» What to work on
Please set down the lines of the listing exactly, from its first line to the line with "two women in", leaving the pictures out.

» Dataset records
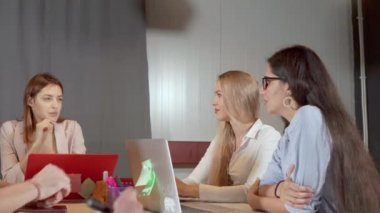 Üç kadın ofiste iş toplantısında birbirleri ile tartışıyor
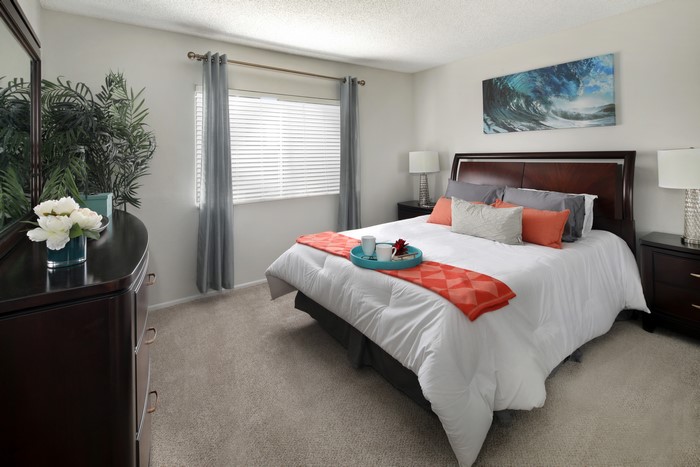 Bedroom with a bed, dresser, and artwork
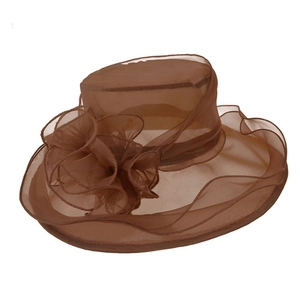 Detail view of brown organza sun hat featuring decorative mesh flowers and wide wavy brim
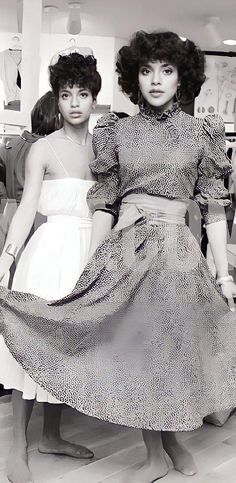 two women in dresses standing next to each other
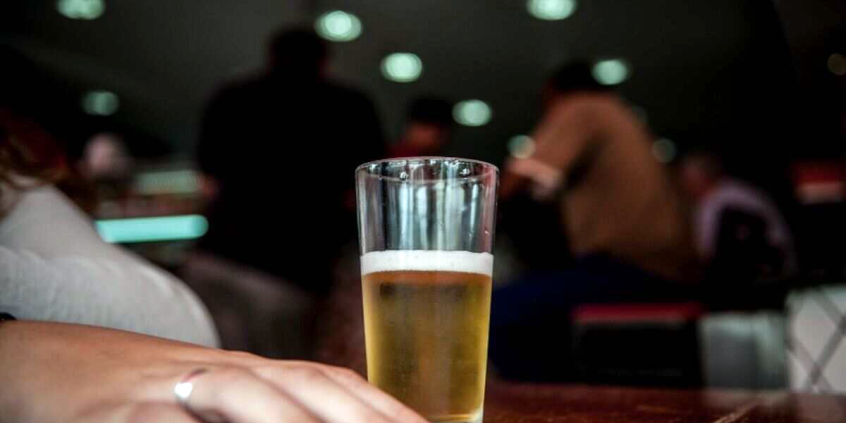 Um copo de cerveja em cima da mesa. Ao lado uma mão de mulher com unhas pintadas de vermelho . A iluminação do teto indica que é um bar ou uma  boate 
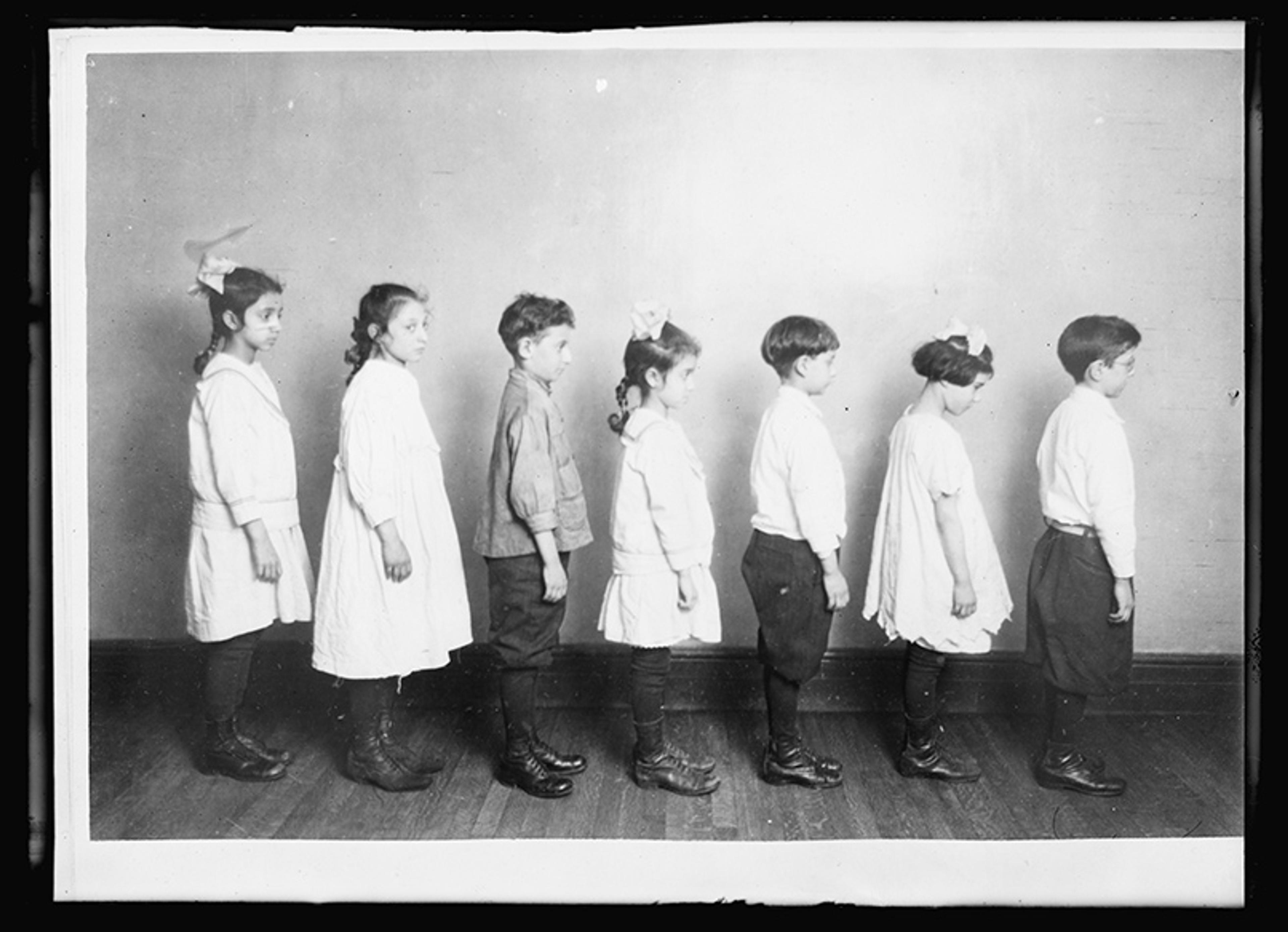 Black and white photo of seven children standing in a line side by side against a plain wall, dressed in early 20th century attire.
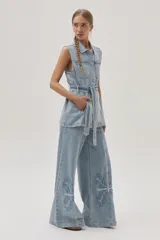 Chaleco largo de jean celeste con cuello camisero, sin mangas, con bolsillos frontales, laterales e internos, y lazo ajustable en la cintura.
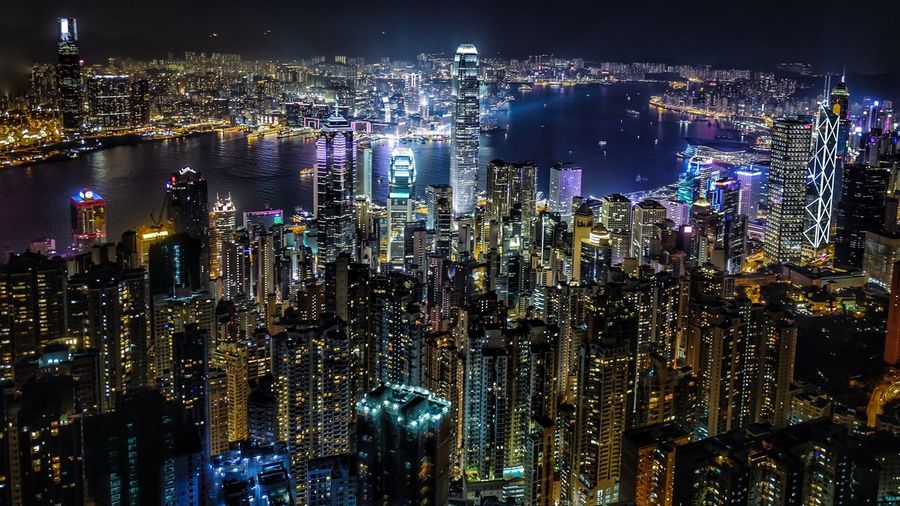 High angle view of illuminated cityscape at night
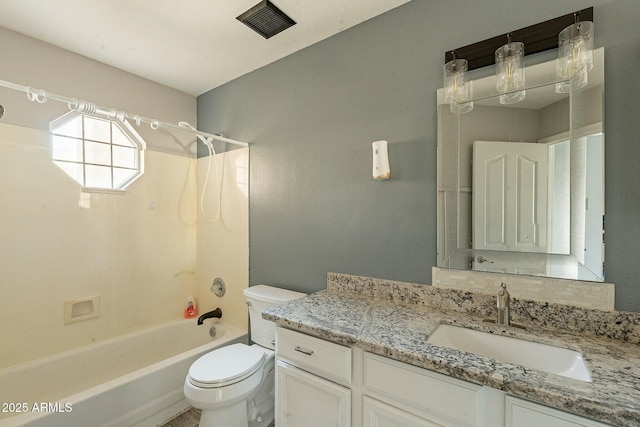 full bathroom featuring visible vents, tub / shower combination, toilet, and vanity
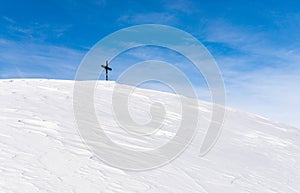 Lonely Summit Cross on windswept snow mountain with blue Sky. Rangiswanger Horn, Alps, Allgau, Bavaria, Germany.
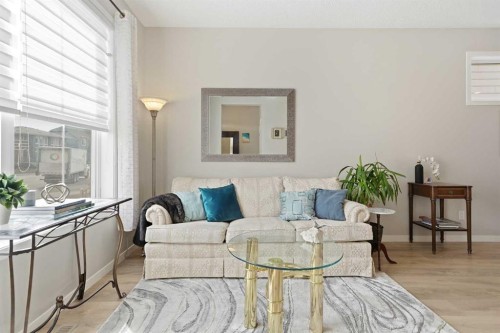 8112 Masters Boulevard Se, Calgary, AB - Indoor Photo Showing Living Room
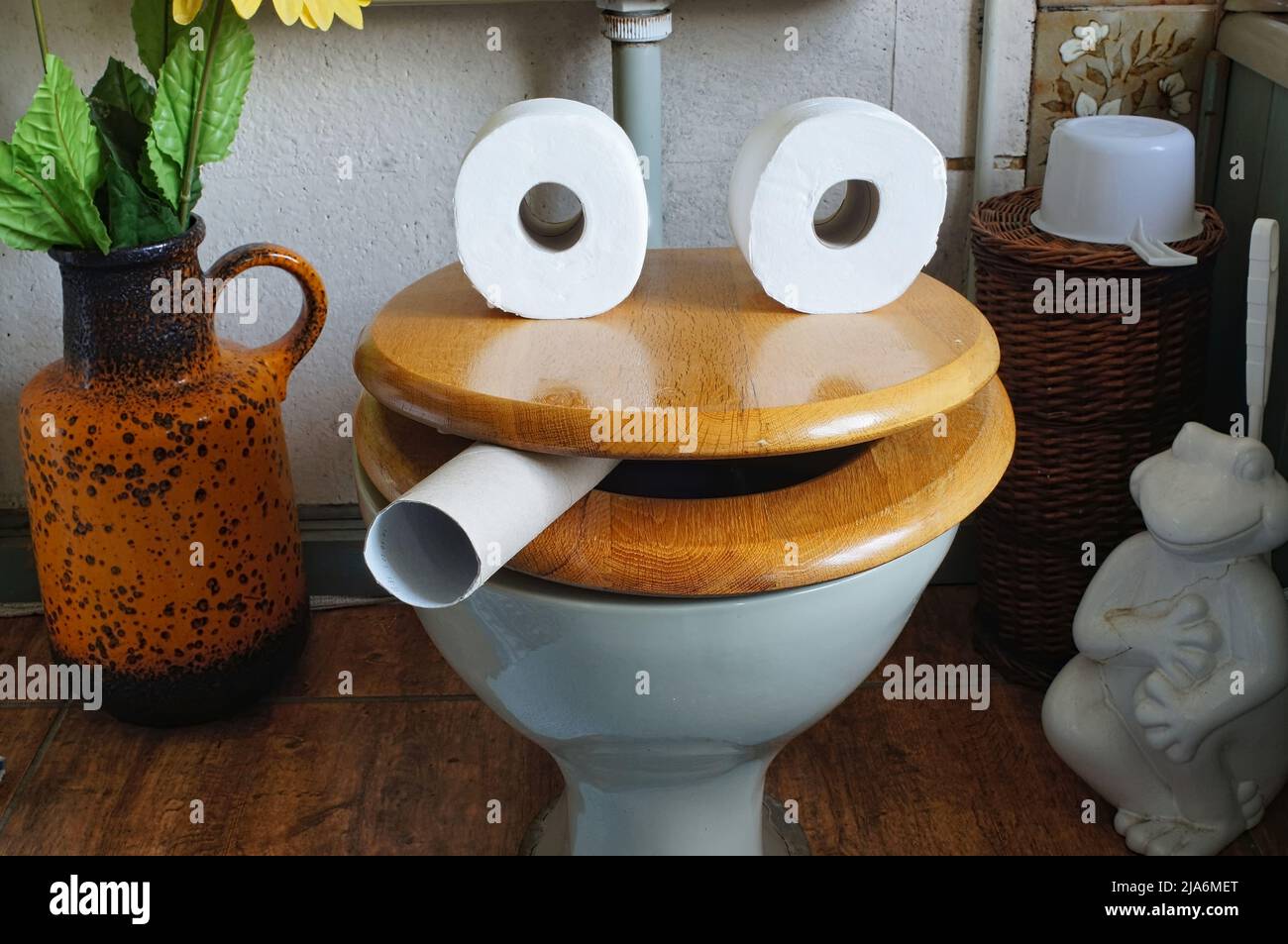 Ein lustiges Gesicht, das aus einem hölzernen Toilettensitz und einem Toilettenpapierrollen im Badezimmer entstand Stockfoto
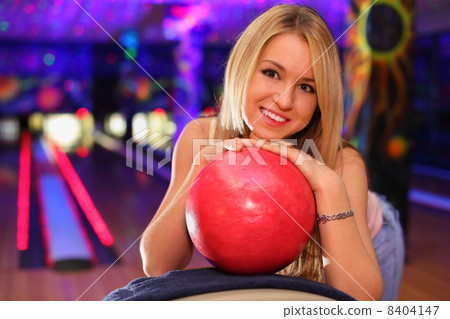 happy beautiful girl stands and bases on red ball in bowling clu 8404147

» Worked solution
 Üç kadın ofiste iş toplantısında birbirleri ile tartışıyor
 Bedroom with a bed, dresser, and artwork
 Detail view of brown organza sun hat featuring decorative mesh flowers and wide wavy brim
 two women in dresses standing next to each other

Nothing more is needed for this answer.